Racconta l'arcivescovo emerito di Milano di essere affascinato da san Gerolamo, che aveva abbandonato il mondo per dedicarsi alla traduzione della Bibbia e « talora si addormentava con il capo sulle Sacre scritture » . Martini non dà interviste politiche, si limita « alla preghiera e all'intercessione, che significa mettersi in mezzo ai contendenti, senza propendere né per l'uno né per l'altro, perché a tutti sia dato di capire anche le ragioni dell'altro » . Ma avverte con chiarezza che q u a l c o s a è cambiato. « Vedo piccole linee di pace. Segnali di riconciliazione. Prove che il dialogo è ancora possibile » . Il cardinale non crede all'ineluttabilità della separazione tra i due popoli. « Gli accordi di Ginevra hanno dimostrato che le parti possono confrontarsi » . E le elezioni palestinesi sono un segnale incoraggiante: « La percentuale di votanti è stata alta, e ha premiato un moderato, l'unico che gli israeliani considerino un interlocutore. Resta da vedere se avrà una forte leadership » .

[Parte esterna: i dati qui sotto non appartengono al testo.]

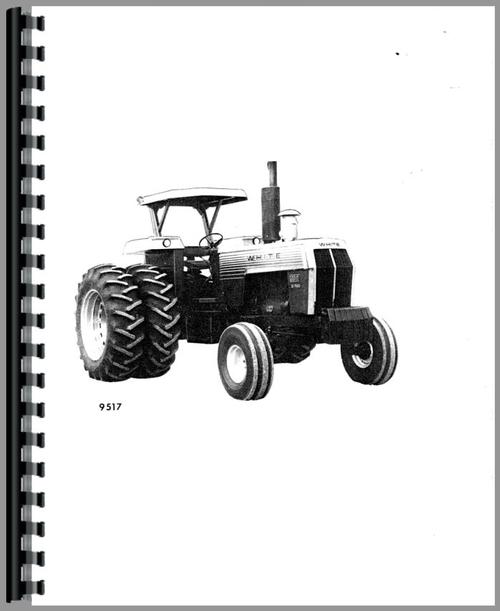 Operators Manual for White 2-150 Tractor Sample Page From Manual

Martini non crede a interventi dall'esterno, a mediazioni, a formule elaborate altrove. « Sono loro, le parti in causa, che devono trovare la via d'uscita. Loro è il compito, loro è la grazia.
Qualcosa però è già accaduto: si è capito che la violenza è un vicolo cieco, come ha detto il Papa, che produce solo altra violenza. Le genti di Terrasanta sono stanche. Vedo nella vita di ogni giorno storie di riconciliazione, di rispetto reciproco, di ascolto, che non arrivano alla superficie della politica ma considero preziose. Spero che i pellegrini non abbiano più paura, che tornino numerosi, a respirare questo clima » . Il cardinale cita il « Parent's Circle » , associazione di famiglie ebree e arabe accomunate dall'aver perso un figlio in questi anni di terrorismo e guerra. « Si incontrano, si parlano, mettono in comune il dolore. E sono ascoltate, perché il lutto dà loro una grande credibilità » . E' tempo d'incontro anche per due comunità divise ancora negli anni scorsi da pregiudizi e incomprensioni, cristiani ed ebrei.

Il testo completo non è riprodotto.